Alt işveren uygulaması bir işletmesel karardır. Alt işverene devrin işletme gereklerine dayanan geçerli fesih sebebi olması, İş Kanunu’nun 2. maddesinin 6. ve 7. fıkraları uyarınca geçerli ve muvazaaya dayanmayan asıl işveren-alt işveren ilişkisinin kurulması şartına bağlıdır. 4857 sayılı İş Kanunu’nun 2. maddesinde belirtilen unsurları taşımayan alt işveren uygulaması, fesih için geçerli sebep kabul edilemez. 4857 sayılı Kanunda yardımcı işlerin alt işverene verilmesinin herhangi bir şarta bağlanmaması sebebiyle, bu nevi işlerin muvazaa olmaması kaydıyla alt işverene devri sebebiyle iş sözleşmesinin feshedilmesi hâlinde, feshin geçerli sebebe dayandığı kabul edilebilir.
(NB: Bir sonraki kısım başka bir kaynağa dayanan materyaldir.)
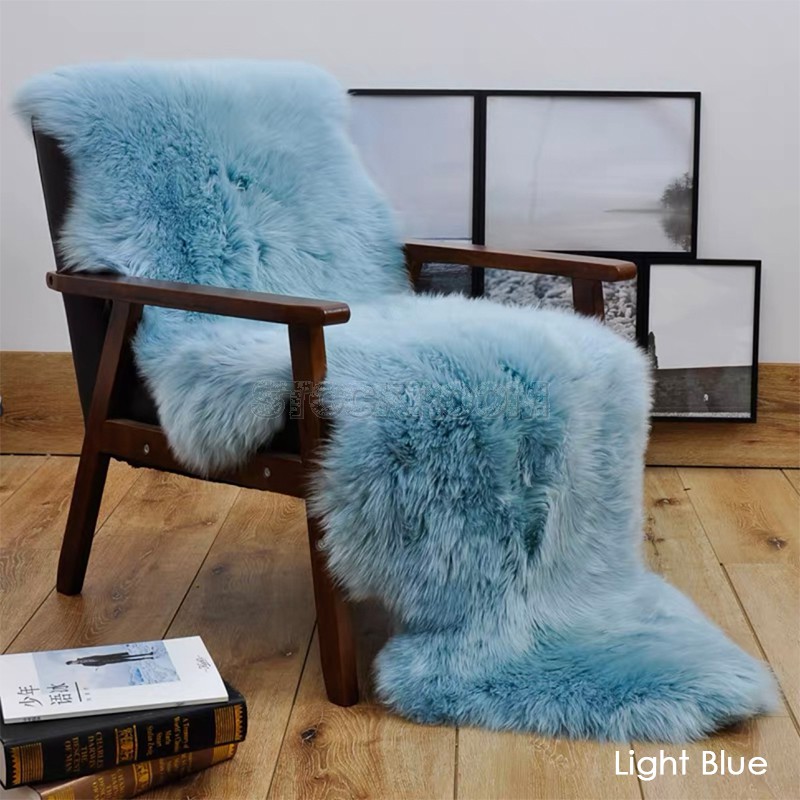 Leanne Style Sheepskin Throw/ Blanket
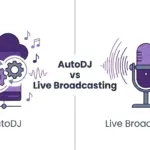 autodj vs live broadcasting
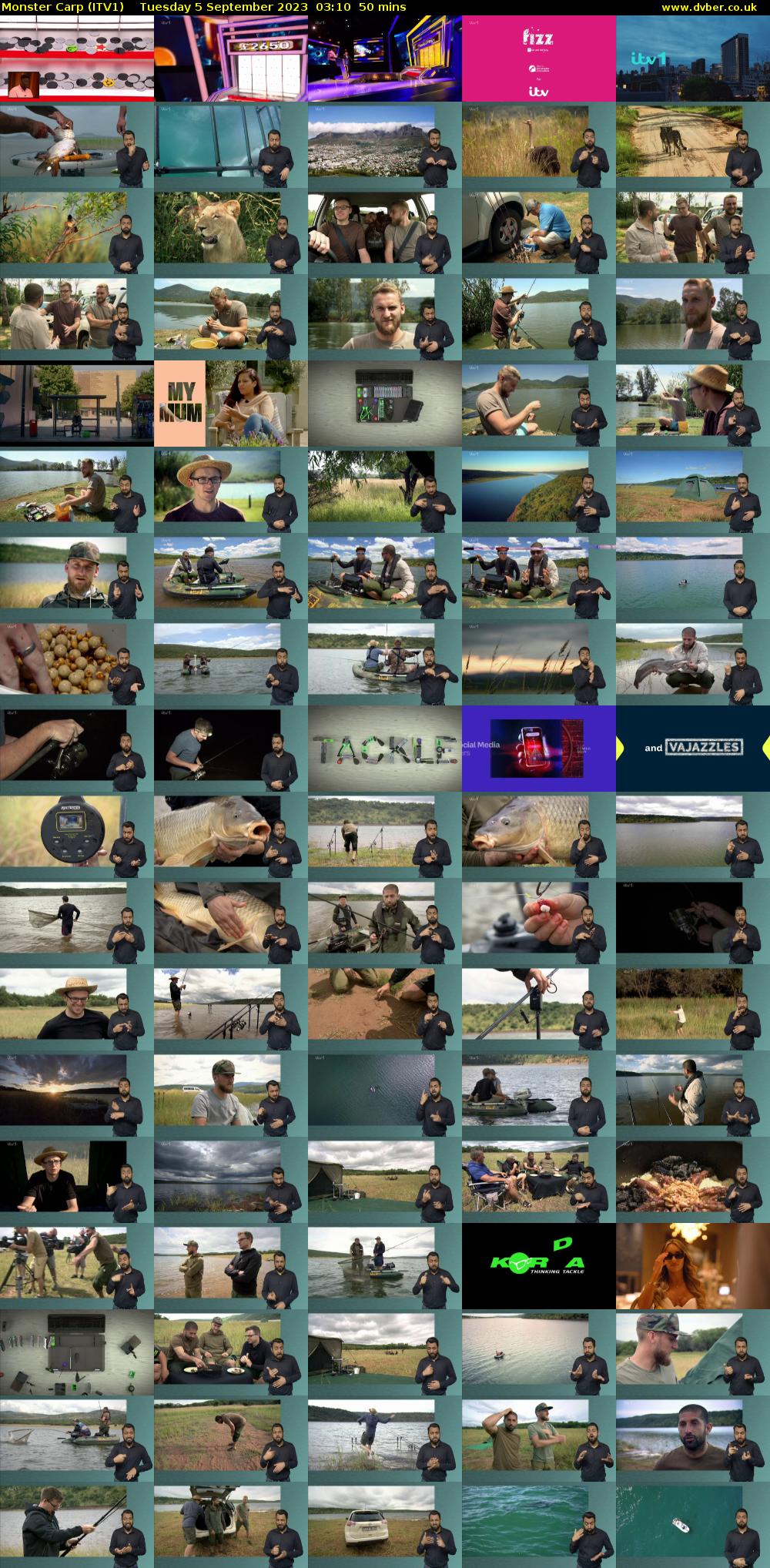 Monster Carp (ITV1) Tuesday 5 September 2023 03:10 - 04:00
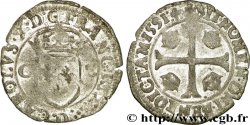 CHARLES X, CARDINAL DE BOURBON Douzain aux deux C, 1er type 1591 Lyon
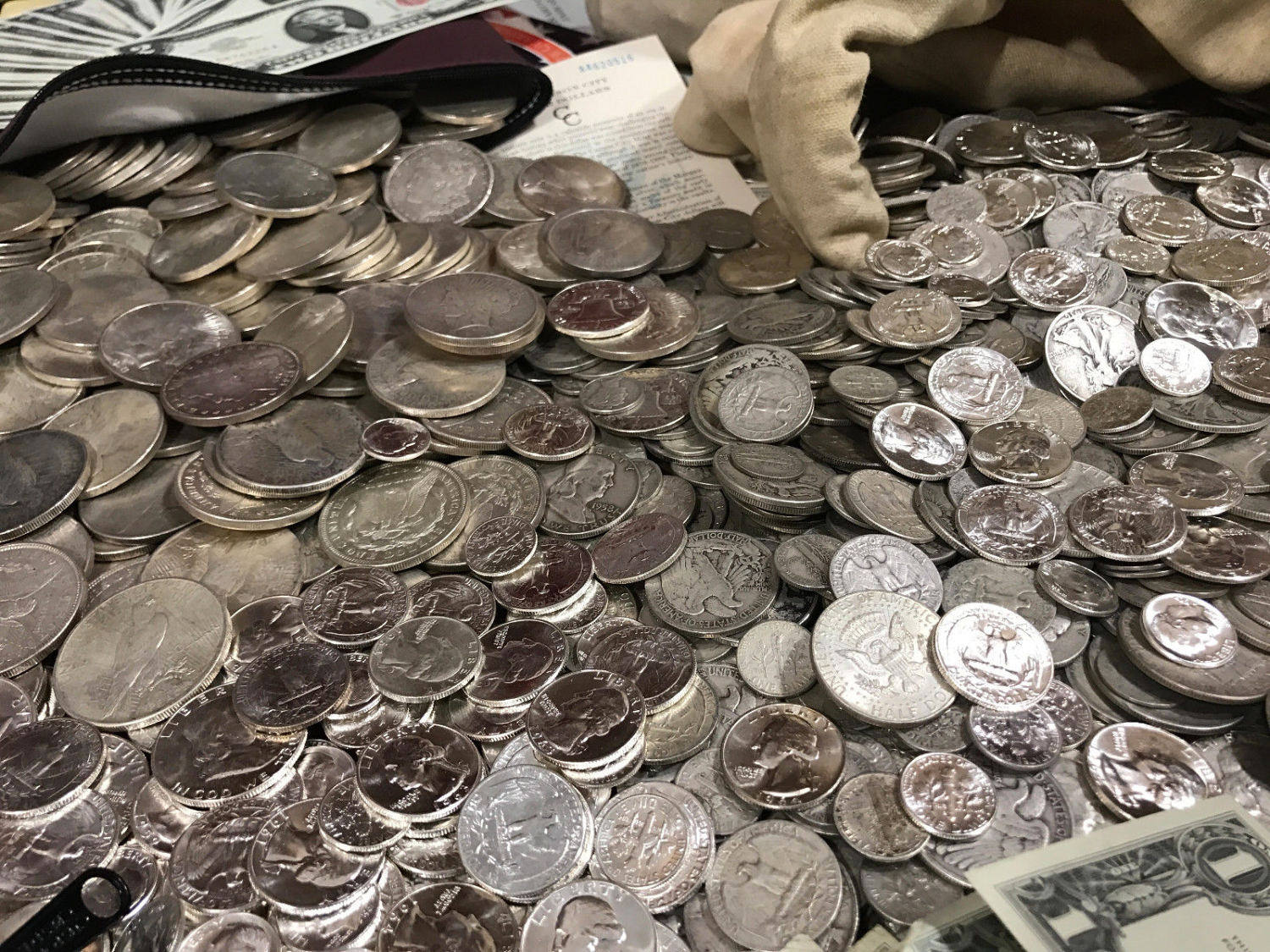 Estate Sale Lot Old US Coins Gold Silver Bullion Hoard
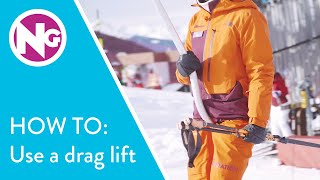How To Get On and Off a Drag Lift in 3 Easy Steps // Learn to Ski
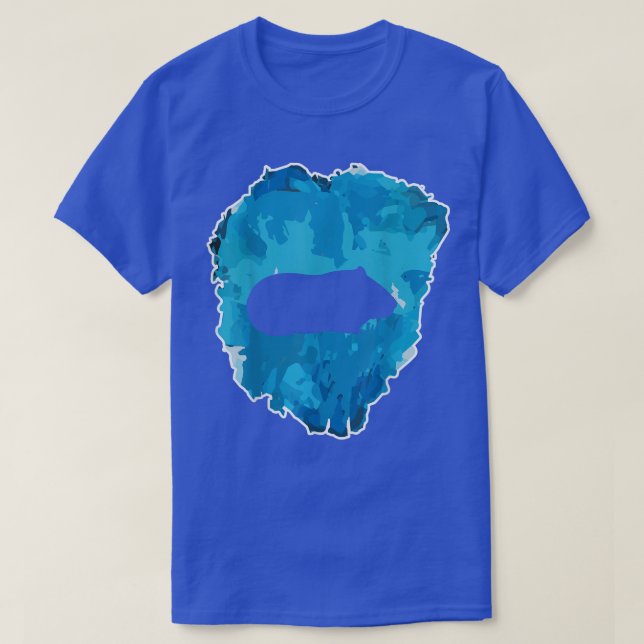 Camiseta conejillo de indias en un bloque de hielo para la  (Diseño del anverso)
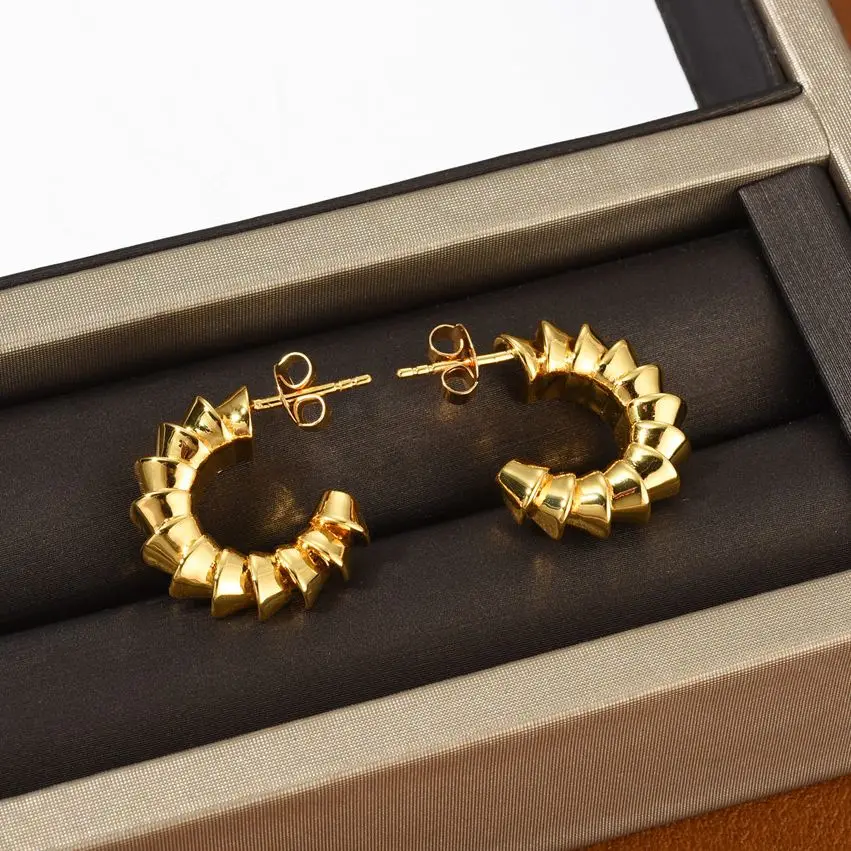 New Europe America Designer Brand Brass Plated 18K Gold Irregular Small Earring Women Luxury Jewelry Trend
New Europe America Designer Brand Brass Plated 18K Gold Irregular Small Earring Women Luxury Jewelry Trend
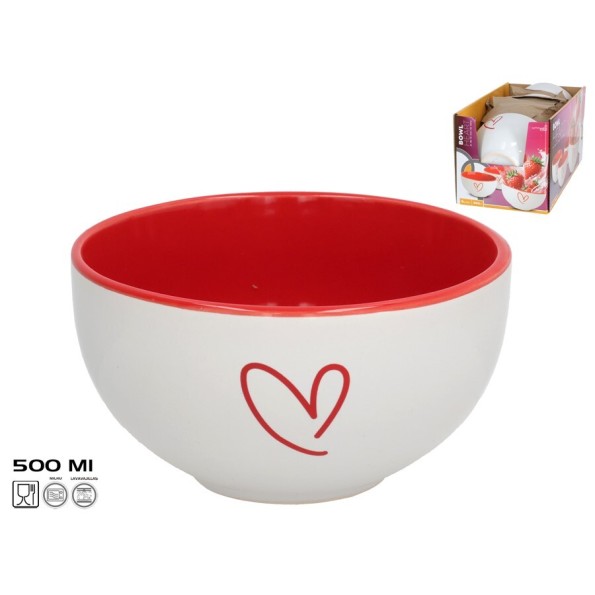 BOWL GRES HEART 500ML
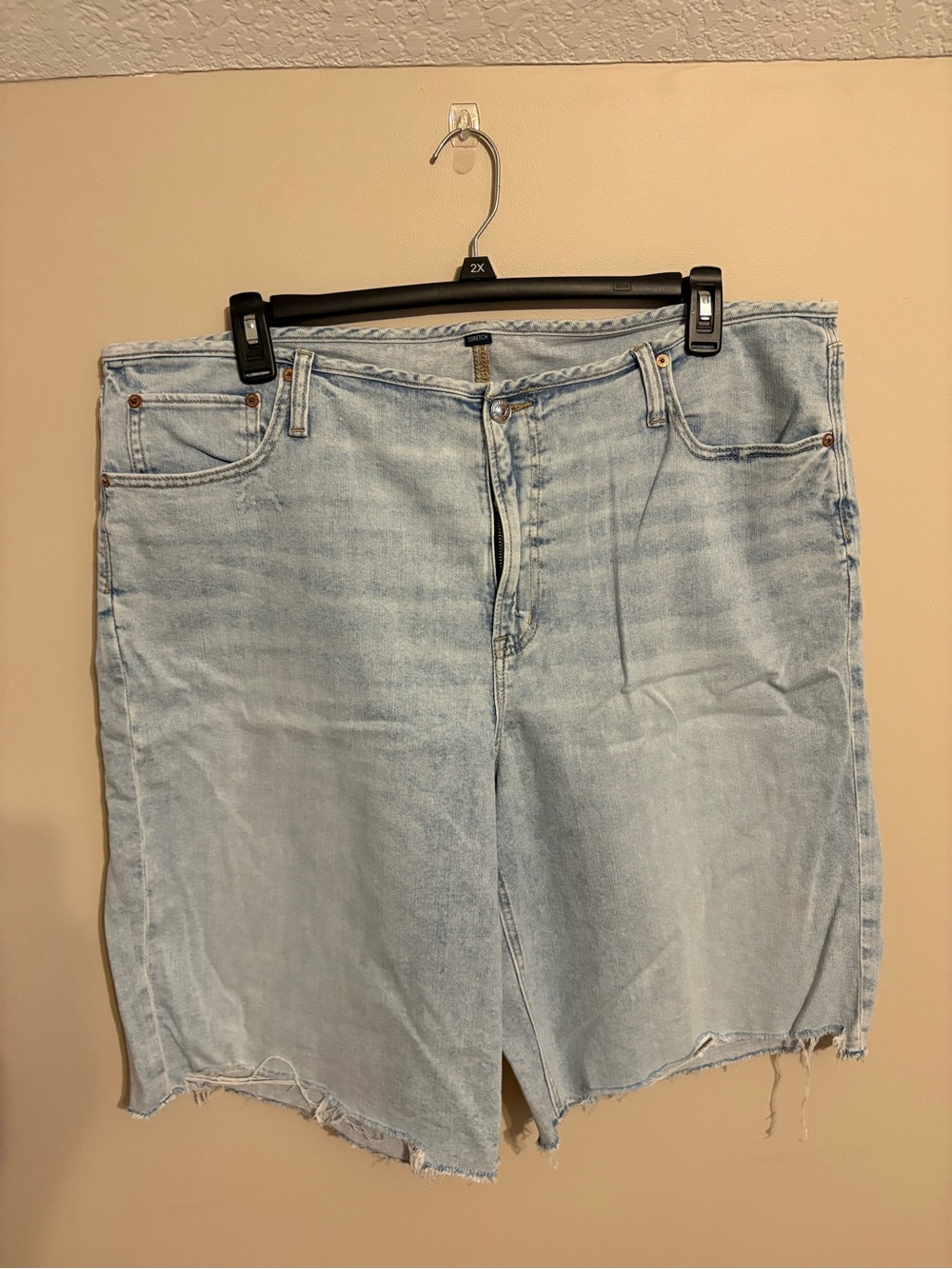American Eagle Outfitters Light Blue Denim Bermuda Shorts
Somut uyuşmazlıkta, davalı işverenin davacının çalıştığı işyerinde yardımcı hizmet niteliğindeki güvenlik hizmetini, hizmet alımı ile almaya karar verdiği ve uyguladığı anlaşılmaktadır. Bu karar, alt işveren uygulaması ile ilgili bir işletmesel karardır. Bu hizmetin alt işverene verilmesi 4857 sayılı Kanun’un 2/6. maddesi uyarınca geçerlidir. Bu karar sonrası güvenlik hizmetinden çalışan davacının istihdam fazlası olacağı da açıktır. İşverenin başka işyerlerinde güvenlik hizmetini alt işverene vermemesi, o işyerinde halen kendi işçileri ile bu işi yürütmesi, bu kararı geçersiz kılmayacağı gibi istihdam fazlalığını da ortadan kaldırmaz. Bu sebeple mahkemenin bu gerekçesi isabetli değildir.
Ancak bu durumda dahi davalının tutarlı davranıp davranmadığının, davacının görev tanımına ve yaptığı işe göre başka işyerinde veya başka görevlerde somut olarak değerlendirilme imkanı olup olmadığının da araştırılması gerekir. Mahkemece bozmaya uyulmuş ise de davacının hangi pozisyonda görevlendirilebileceğinin somut olarak araştırılmadığı saptanmıştır. Sosyal Güvenlik Kurumu kayıtlarına göre davalının bu işyerleri kaydı dışında Türkiye genelinde onbir tane daha kaydı olduğu görülmekle bu kayıtlar üzerinde de durularak, bu kayıtların bulunduğu işyerlerinde halen güvenlik hizmetini kendi bünyesinde karşılayıp karşılamadığı hususları belirlenmeli, kendi bünyesinde güvenlik hizmetini sağladığı Tunçbilek İşletmesine ait işçi hareketleri titizlikle incelenerek gerek diğer işyerleri ve gerekse Tunçbilek İşletmesine fesihten önce veya sonra güvenlik personeli alınıp alınmadığı araştırılmalı, alınmadığının anlaşılması halinde ise gerek Afşin gerekse Türkiye’de bulunan diğer işyerlerinde davacının görevlendirilmesi mümkün olan değişik görev ve unvanların olup olmadığı belirlenerek davacının bu görevlerde çalıştırılmasının mümkün olup olmayacağı üzerinde durulmalıdır. Eksik inceleme ile bozma gerekleri tam yerine getirilmeden yazılı şekilde karar verilmesi hatalıdır.
Sonuç: Temyiz olunan kararın yukarıda yazılı sebepten BOZULMASINA, peşin alınan temyiz harcının istek halinde ilgiliye iadesine, 02.06.2014 gününde oybirliğiyle karar verildi.